• [Input data]:
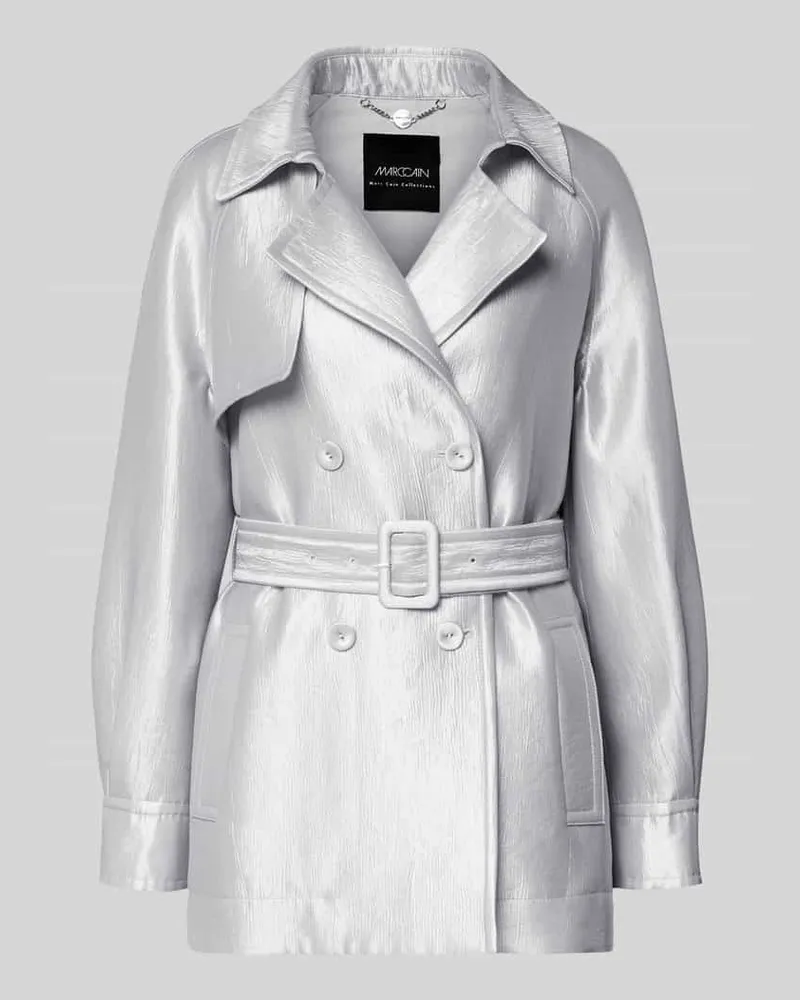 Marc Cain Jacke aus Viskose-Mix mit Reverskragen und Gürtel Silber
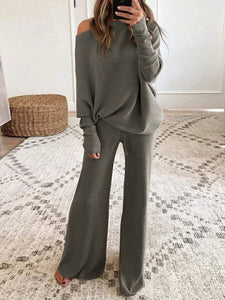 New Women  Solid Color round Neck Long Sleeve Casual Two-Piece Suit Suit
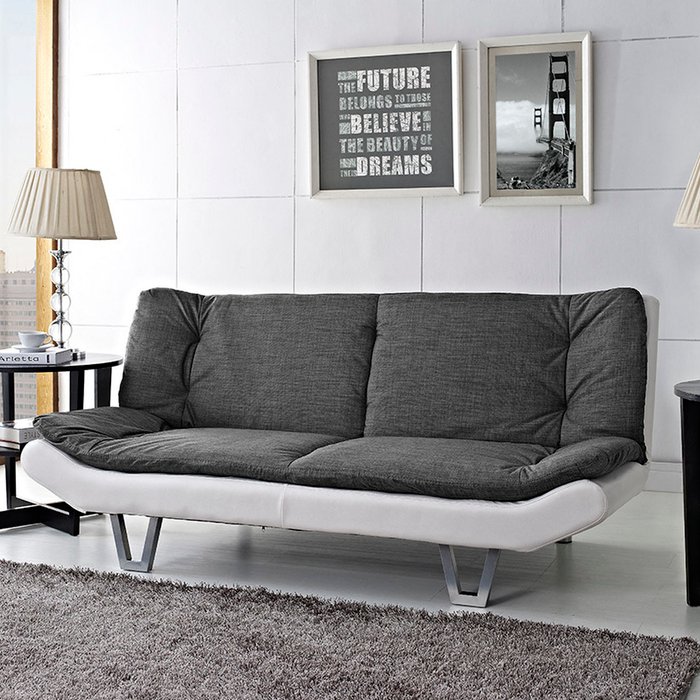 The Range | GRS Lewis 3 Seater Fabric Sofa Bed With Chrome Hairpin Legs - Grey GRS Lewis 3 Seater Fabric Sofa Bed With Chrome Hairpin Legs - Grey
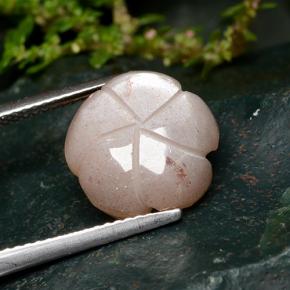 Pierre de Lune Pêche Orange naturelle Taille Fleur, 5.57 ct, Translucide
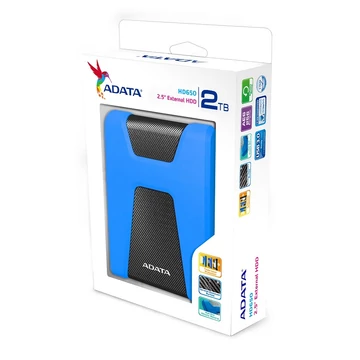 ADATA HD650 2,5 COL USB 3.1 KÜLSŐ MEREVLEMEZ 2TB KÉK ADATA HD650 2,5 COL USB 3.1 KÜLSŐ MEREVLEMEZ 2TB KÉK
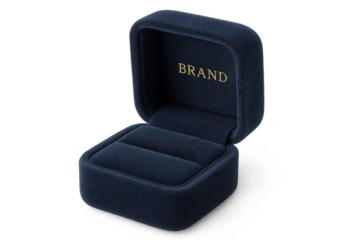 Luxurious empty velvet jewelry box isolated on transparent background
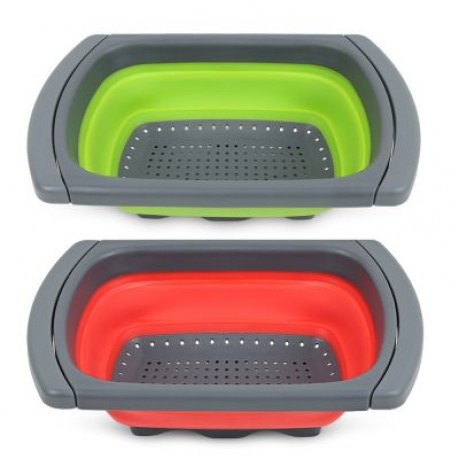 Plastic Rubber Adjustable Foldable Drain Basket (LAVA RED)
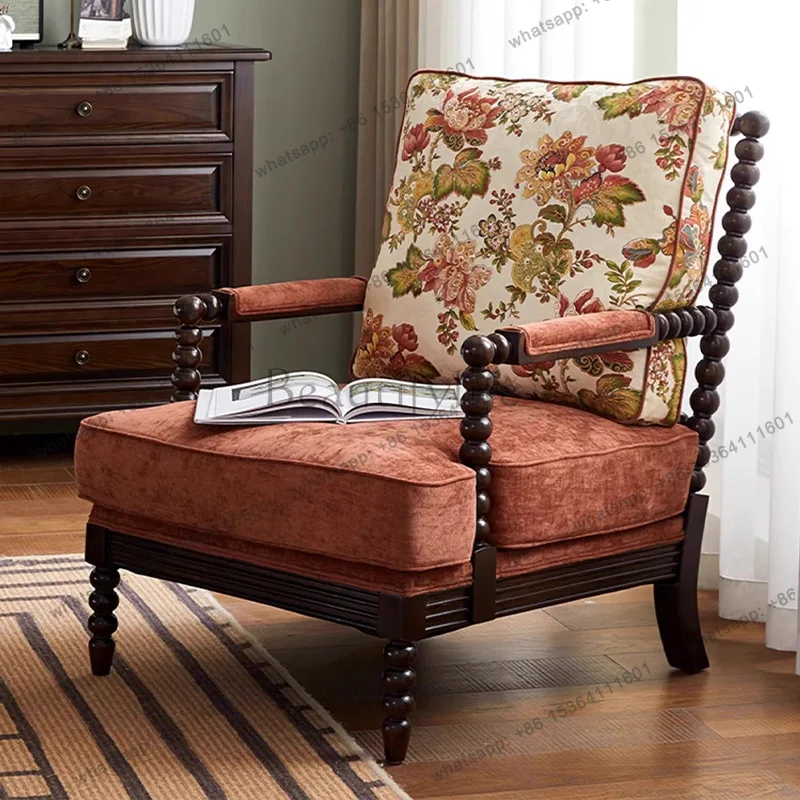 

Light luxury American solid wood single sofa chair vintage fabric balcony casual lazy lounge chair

• [What the task asks]:
In your copy of the material, match every word exactly and include no pictures.

• [Written reply]:
 Marc Cain Jacke aus Viskose-Mix mit Reverskragen und Gürtel Silber
 New Women  Solid Color round Neck Long Sleeve Casual Two-Piece Suit Suit
 The Range | GRS Lewis 3 Seater Fabric Sofa Bed With Chrome Hairpin Legs - Grey GRS Lewis 3 Seater Fabric Sofa Bed With Chrome Hairpin Legs - Grey
 Pierre de Lune Pêche Orange naturelle Taille Fleur, 5.57 ct, Translucide
 ADATA HD650 2,5 COL USB 3.1 KÜLSŐ MEREVLEMEZ 2TB KÉK ADATA HD650 2,5 COL USB 3.1 KÜLSŐ MEREVLEMEZ 2TB KÉK
 Luxurious empty velvet jewelry box isolated on transparent background
 Plastic Rubber Adjustable Foldable Drain Basket (LAVA RED)

Light luxury American solid wood single sofa chair vintage fabric balcony casual lazy lounge chair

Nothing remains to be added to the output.